(Activity): Transcribe all of the records word for word, but omit the pictures.

[Captioned web images]
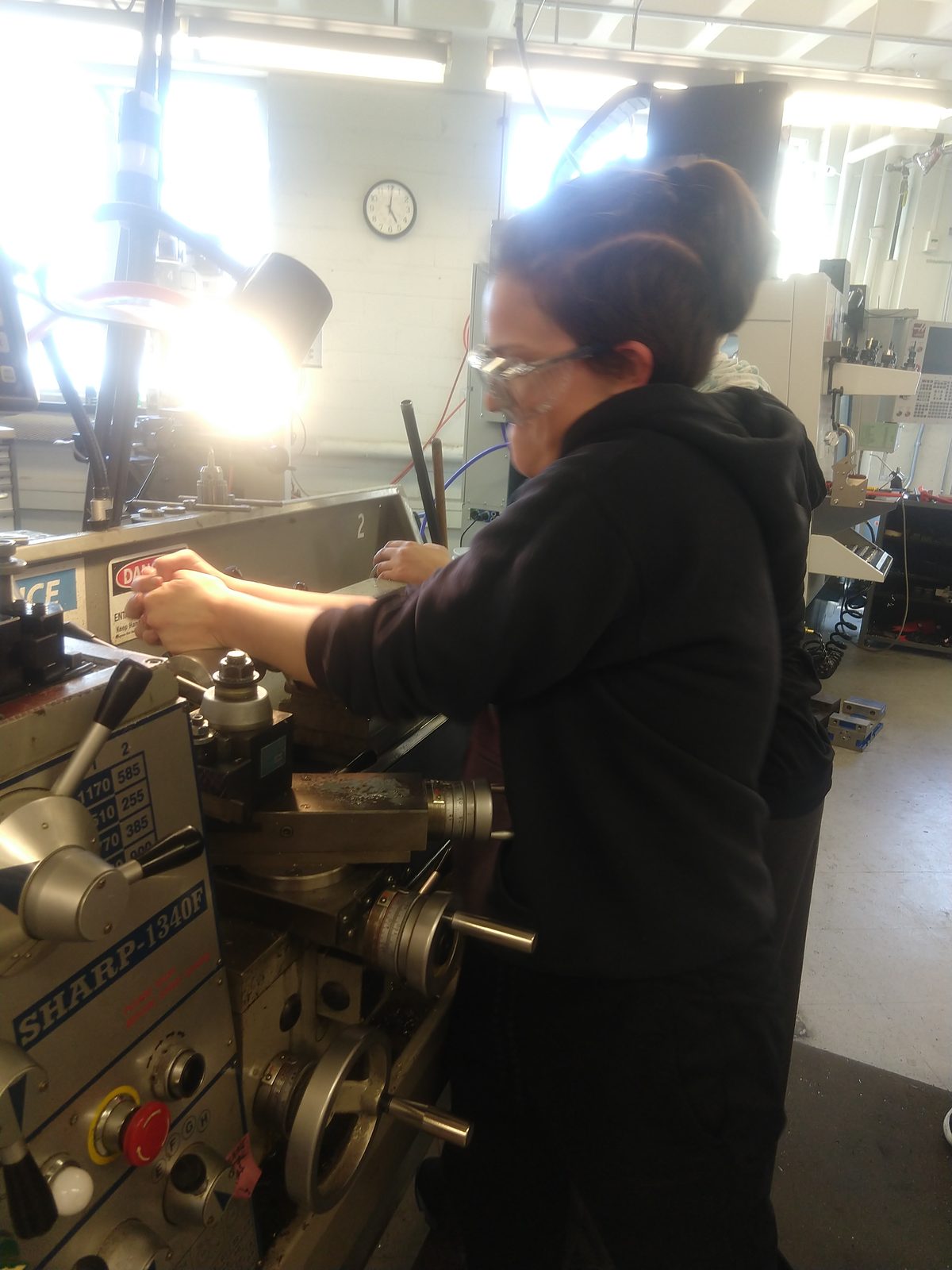 Me at a Sharp 1340F manual lathe in the MIT shop, safety glasses on, working the carriage handwheels while turning the spindle shaft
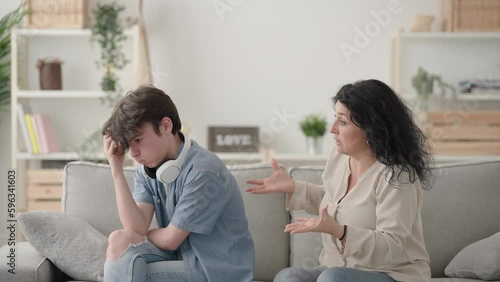 Mother trying to talk to teenager son, who is ignoring her. Frustrated woman scolding teenager boy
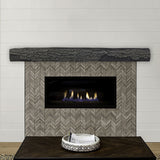 half round sleeper eclipse mantel on a shiplap wall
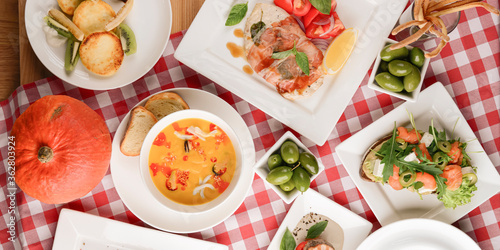 Traditional Italian cuisine, Italian concept. Sea food soup, grilled meat, traditional bruschetta.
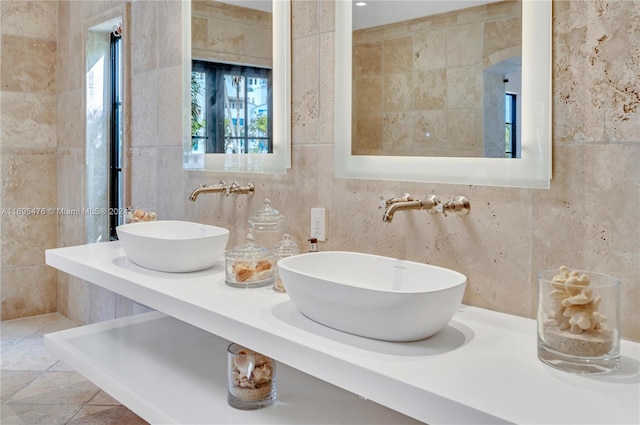 bathroom featuring tile patterned flooring, vanity, and tile walls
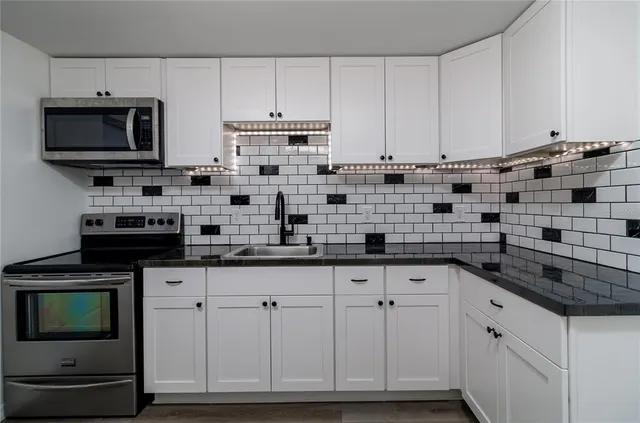 a kitchen with white cabinets and appliances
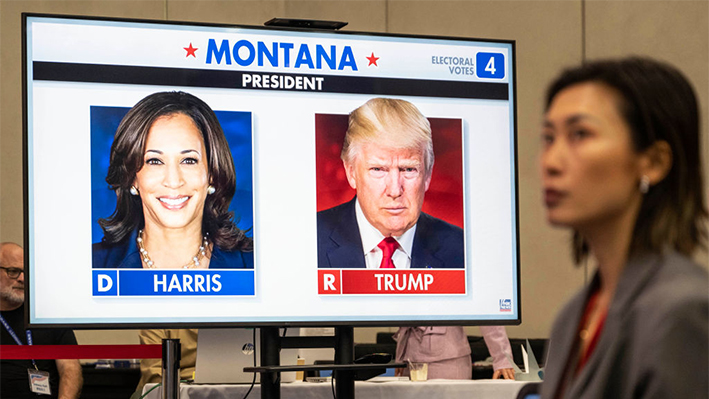 El candidato republicano y expresidente Donald Trump y la candidata demócrata y vicepresidenta Kamala Harris aparecen en una pantalla en una watch party de las elecciones en la embajada de Estados Unidos el 6 de noviembre de 2024 en Beijing, China. (Kevin Frayer/Getty Images)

(Expected output):
 Me at a Sharp 1340F manual lathe in the MIT shop, safety glasses on, working the carriage handwheels while turning the spindle shaft
 Mother trying to talk to teenager son, who is ignoring her. Frustrated woman scolding teenager boy
 half round sleeper eclipse mantel on a shiplap wall
 Traditional Italian cuisine, Italian concept. Sea food soup, grilled meat, traditional bruschetta.
 bathroom featuring tile patterned flooring, vanity, and tile walls
 a kitchen with white cabinets and appliances
 El candidato republicano y expresidente Donald Trump y la candidata demócrata y vicepresidenta Kamala Harris aparecen en una pantalla en una watch party de las elecciones en la embajada de Estados Unidos el 6 de noviembre de 2024 en Beijing, China. (Kevin Frayer/Getty Images)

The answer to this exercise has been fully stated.